##### Source material

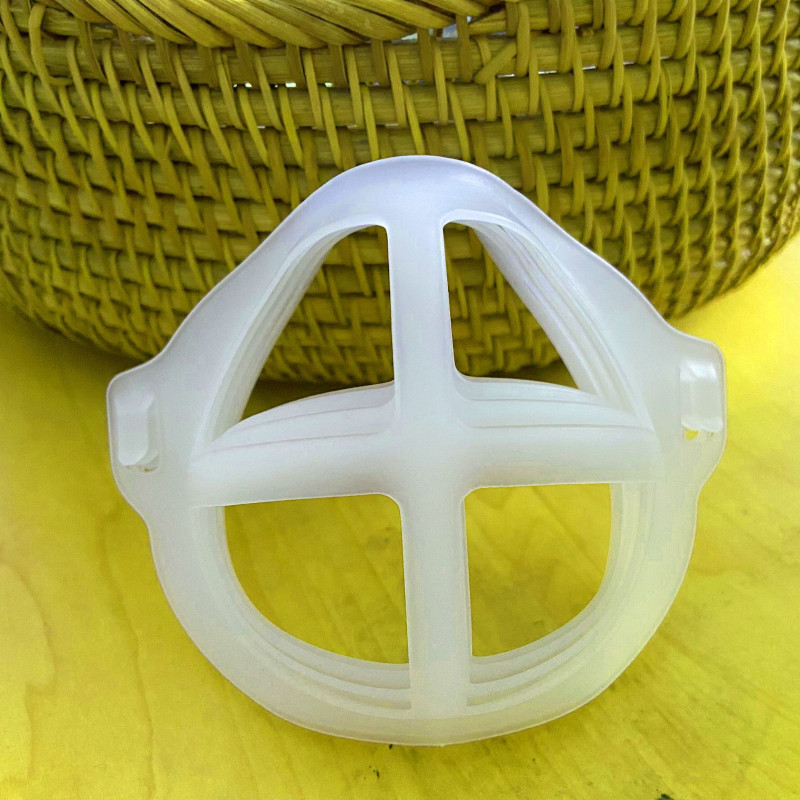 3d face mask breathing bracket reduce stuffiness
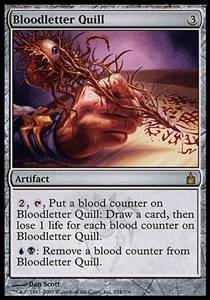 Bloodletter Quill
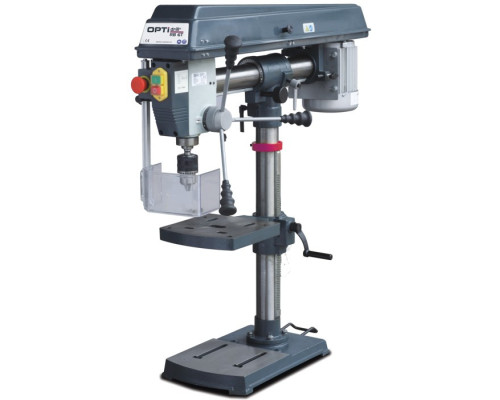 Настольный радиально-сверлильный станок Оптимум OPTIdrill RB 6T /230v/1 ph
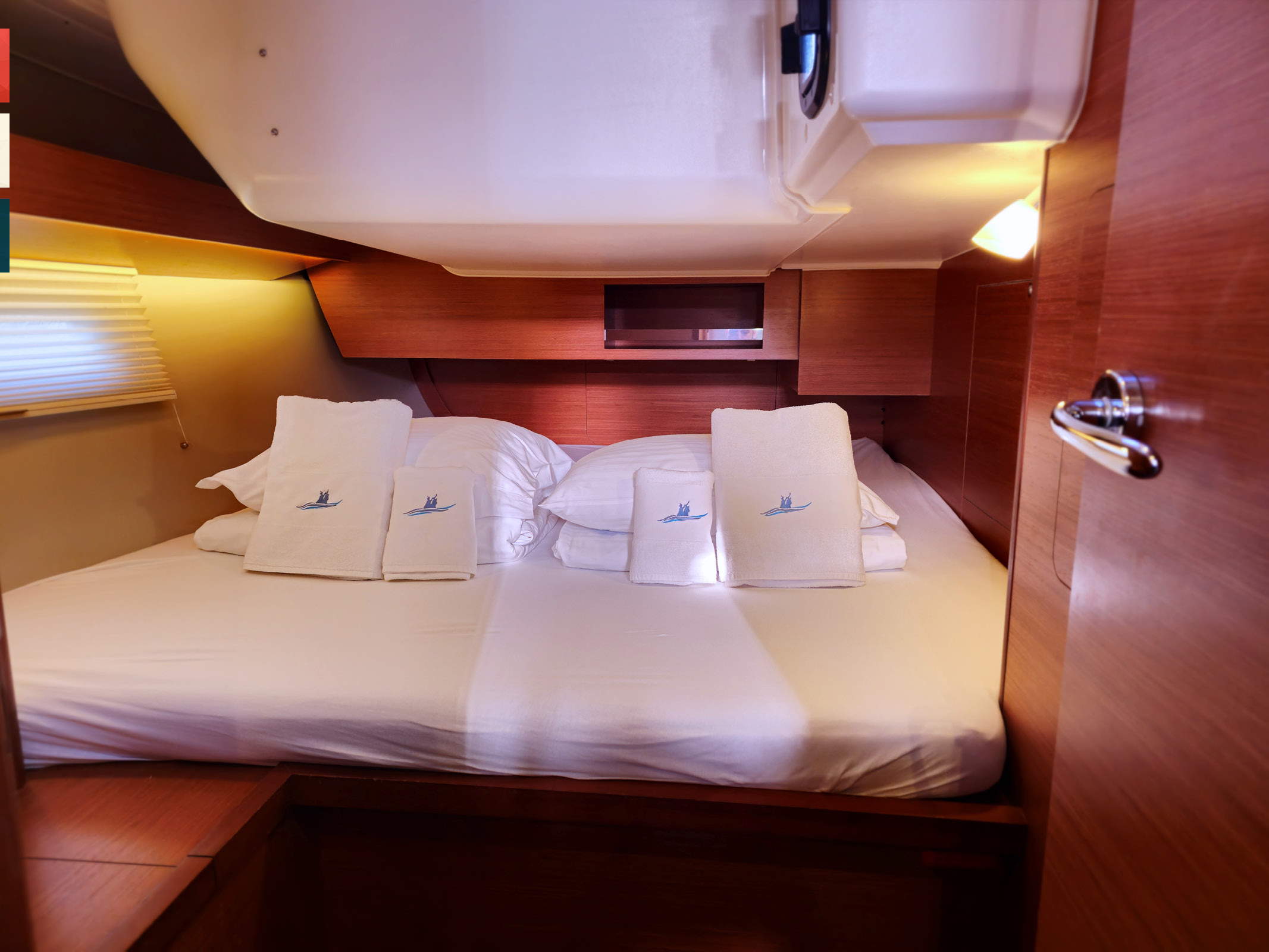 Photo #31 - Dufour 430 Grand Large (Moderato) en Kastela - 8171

##########

Task statement — When you restate the listing, keep every word as it is and drop the pictures.

Answer space —
 3d face mask breathing bracket reduce stuffiness
 Bloodletter Quill
 Настольный радиально-сверлильный станок Оптимум OPTIdrill RB 6T /230v/1 ph
 Photo #31 - Dufour 430 Grand Large (Moderato) en Kastela - 8171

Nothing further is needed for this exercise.